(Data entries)
Start of Block
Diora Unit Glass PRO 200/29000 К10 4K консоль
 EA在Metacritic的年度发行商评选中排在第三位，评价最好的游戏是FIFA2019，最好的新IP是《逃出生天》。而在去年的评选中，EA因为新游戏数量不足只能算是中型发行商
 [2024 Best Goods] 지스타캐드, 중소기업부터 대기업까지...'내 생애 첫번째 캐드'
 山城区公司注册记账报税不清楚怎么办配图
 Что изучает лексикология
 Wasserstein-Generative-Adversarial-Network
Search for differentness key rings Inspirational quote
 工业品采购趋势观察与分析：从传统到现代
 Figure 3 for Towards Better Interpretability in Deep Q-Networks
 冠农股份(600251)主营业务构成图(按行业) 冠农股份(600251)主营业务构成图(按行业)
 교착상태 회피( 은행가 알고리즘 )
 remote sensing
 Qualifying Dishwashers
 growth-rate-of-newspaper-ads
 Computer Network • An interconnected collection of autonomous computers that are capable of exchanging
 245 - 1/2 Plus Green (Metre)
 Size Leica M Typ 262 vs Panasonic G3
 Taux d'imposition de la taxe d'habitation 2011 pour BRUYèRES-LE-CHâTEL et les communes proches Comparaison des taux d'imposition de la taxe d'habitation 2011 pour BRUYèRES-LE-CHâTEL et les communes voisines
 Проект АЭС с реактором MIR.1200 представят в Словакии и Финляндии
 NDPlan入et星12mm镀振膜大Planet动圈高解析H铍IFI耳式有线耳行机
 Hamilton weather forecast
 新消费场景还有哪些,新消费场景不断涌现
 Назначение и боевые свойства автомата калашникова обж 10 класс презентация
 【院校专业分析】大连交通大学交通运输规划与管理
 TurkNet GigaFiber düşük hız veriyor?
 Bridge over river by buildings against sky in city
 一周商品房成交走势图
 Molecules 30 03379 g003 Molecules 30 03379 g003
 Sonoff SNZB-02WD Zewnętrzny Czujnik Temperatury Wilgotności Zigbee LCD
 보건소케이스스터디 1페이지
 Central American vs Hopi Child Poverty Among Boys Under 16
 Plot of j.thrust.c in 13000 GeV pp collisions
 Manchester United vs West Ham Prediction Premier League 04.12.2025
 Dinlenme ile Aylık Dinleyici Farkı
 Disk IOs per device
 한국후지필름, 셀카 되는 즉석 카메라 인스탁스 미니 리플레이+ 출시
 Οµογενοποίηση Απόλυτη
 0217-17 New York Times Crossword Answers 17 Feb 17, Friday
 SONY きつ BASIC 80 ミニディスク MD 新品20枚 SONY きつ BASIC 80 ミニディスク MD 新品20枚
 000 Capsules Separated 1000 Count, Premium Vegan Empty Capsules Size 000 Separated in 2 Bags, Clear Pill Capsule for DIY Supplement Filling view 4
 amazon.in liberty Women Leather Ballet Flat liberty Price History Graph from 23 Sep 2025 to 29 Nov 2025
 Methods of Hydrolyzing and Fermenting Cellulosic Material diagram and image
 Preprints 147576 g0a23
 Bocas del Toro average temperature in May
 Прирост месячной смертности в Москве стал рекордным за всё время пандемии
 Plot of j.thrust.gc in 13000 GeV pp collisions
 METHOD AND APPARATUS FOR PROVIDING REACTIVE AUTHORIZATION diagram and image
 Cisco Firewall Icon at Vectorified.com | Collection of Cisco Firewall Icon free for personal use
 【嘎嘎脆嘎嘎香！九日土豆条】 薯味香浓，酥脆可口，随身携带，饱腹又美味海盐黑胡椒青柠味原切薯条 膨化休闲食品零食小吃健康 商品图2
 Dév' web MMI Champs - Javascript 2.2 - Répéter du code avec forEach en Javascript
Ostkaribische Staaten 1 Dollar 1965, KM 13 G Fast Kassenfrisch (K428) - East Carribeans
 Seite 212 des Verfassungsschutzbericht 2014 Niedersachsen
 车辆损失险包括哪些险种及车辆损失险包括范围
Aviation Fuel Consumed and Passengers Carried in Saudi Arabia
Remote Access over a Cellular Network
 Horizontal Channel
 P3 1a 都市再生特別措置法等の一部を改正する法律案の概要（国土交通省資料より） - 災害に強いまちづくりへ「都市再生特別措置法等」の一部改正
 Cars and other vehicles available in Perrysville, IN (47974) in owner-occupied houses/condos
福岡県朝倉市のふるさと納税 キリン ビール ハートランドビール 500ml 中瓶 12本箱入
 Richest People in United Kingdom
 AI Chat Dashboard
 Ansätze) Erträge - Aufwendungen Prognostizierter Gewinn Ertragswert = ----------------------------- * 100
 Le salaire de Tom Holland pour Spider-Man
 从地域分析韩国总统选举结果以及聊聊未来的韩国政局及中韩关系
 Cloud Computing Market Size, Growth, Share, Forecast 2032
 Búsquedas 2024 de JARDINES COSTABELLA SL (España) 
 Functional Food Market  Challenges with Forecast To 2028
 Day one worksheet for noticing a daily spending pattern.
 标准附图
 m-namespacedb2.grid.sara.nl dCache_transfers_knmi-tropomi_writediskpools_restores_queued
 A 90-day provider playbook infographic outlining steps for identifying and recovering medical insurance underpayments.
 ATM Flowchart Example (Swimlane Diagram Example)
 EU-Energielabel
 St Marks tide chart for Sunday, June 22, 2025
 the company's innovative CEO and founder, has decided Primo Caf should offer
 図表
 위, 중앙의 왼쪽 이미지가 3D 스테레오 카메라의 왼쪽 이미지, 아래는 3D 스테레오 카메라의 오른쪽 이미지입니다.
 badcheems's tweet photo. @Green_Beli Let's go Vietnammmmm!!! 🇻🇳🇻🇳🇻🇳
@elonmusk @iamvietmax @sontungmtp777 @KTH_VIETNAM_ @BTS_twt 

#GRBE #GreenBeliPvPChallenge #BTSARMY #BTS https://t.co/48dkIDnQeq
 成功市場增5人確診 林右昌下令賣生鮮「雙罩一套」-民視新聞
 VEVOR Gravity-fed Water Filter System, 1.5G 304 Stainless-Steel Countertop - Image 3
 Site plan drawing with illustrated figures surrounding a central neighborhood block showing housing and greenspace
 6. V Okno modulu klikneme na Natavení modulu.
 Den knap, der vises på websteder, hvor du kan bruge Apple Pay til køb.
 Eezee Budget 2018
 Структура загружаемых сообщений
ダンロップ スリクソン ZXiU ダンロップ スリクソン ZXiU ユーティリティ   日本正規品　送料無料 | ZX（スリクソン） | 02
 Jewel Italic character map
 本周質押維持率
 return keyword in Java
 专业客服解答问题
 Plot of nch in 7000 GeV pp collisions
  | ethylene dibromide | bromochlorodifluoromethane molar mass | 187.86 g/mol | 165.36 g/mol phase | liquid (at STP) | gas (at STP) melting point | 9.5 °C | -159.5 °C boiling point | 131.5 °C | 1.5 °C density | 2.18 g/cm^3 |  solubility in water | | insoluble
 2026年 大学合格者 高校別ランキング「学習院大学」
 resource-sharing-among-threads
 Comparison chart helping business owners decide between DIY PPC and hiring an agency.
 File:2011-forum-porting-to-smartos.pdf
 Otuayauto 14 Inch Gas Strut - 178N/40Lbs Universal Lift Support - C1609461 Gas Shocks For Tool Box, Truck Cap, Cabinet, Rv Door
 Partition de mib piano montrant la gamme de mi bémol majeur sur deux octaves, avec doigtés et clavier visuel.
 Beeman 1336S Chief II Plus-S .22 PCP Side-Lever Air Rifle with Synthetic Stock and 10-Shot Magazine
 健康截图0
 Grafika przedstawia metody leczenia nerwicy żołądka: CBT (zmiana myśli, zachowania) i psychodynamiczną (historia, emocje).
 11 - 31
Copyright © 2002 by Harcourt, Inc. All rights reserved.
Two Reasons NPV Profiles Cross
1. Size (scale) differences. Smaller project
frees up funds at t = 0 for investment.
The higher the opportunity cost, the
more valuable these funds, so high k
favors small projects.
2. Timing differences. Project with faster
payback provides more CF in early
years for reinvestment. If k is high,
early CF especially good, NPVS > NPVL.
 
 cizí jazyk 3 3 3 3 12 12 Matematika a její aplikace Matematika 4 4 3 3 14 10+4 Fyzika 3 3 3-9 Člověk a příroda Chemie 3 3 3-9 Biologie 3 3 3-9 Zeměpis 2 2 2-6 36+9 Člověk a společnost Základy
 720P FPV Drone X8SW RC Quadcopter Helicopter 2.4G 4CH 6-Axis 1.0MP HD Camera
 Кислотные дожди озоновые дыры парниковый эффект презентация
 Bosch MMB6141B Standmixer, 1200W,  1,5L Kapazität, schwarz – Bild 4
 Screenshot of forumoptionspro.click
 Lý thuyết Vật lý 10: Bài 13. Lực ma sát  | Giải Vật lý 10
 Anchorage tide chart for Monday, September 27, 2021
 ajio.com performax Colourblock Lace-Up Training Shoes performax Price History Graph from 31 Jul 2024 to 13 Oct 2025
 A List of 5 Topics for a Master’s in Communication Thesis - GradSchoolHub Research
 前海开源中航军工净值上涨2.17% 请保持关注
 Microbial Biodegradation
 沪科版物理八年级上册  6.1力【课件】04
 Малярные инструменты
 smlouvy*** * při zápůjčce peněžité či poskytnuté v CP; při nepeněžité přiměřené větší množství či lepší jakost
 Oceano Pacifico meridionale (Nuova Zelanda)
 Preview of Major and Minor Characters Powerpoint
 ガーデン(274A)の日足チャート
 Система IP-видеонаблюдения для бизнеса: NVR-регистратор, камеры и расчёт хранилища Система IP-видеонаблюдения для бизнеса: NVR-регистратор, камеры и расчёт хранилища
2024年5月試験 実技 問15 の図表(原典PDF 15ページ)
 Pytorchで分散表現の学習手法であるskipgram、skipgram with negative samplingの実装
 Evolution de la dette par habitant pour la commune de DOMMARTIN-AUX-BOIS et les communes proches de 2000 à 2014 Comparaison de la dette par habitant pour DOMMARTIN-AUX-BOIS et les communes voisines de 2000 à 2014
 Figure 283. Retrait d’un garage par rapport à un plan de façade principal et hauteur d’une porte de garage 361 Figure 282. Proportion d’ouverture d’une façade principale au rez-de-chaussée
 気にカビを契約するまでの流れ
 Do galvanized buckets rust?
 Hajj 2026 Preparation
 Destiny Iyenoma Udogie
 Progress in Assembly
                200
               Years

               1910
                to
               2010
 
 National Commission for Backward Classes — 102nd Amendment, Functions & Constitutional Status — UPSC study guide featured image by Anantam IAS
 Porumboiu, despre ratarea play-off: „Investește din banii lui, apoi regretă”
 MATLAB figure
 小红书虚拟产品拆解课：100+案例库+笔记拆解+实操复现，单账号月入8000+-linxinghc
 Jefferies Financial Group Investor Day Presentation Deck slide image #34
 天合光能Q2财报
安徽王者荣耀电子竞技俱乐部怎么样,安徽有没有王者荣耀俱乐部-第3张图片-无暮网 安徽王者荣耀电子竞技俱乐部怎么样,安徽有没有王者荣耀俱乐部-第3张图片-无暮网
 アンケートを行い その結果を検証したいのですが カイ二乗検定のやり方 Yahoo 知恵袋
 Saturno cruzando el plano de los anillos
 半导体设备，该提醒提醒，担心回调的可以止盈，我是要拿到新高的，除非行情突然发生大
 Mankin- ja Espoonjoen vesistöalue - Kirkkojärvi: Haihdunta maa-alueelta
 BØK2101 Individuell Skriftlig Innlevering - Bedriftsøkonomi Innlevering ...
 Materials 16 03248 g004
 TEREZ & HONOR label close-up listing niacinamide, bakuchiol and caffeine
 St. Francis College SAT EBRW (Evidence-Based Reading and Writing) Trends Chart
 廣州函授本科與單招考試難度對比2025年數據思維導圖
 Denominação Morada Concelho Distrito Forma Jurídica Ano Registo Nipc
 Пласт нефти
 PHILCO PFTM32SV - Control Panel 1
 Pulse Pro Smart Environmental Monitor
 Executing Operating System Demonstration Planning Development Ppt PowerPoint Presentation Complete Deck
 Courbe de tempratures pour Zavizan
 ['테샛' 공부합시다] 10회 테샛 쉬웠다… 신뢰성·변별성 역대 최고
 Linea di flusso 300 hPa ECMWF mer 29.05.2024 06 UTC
End of Block
- Description of the task
From the entries above, copy out every line where the string "Price" appears.

- Answer to the problem
 amazon.in liberty Women Leather Ballet Flat liberty Price History Graph from 23 Sep 2025 to 29 Nov 2025
 ajio.com performax Colourblock Lace-Up Training Shoes performax Price History Graph from 31 Jul 2024 to 13 Oct 2025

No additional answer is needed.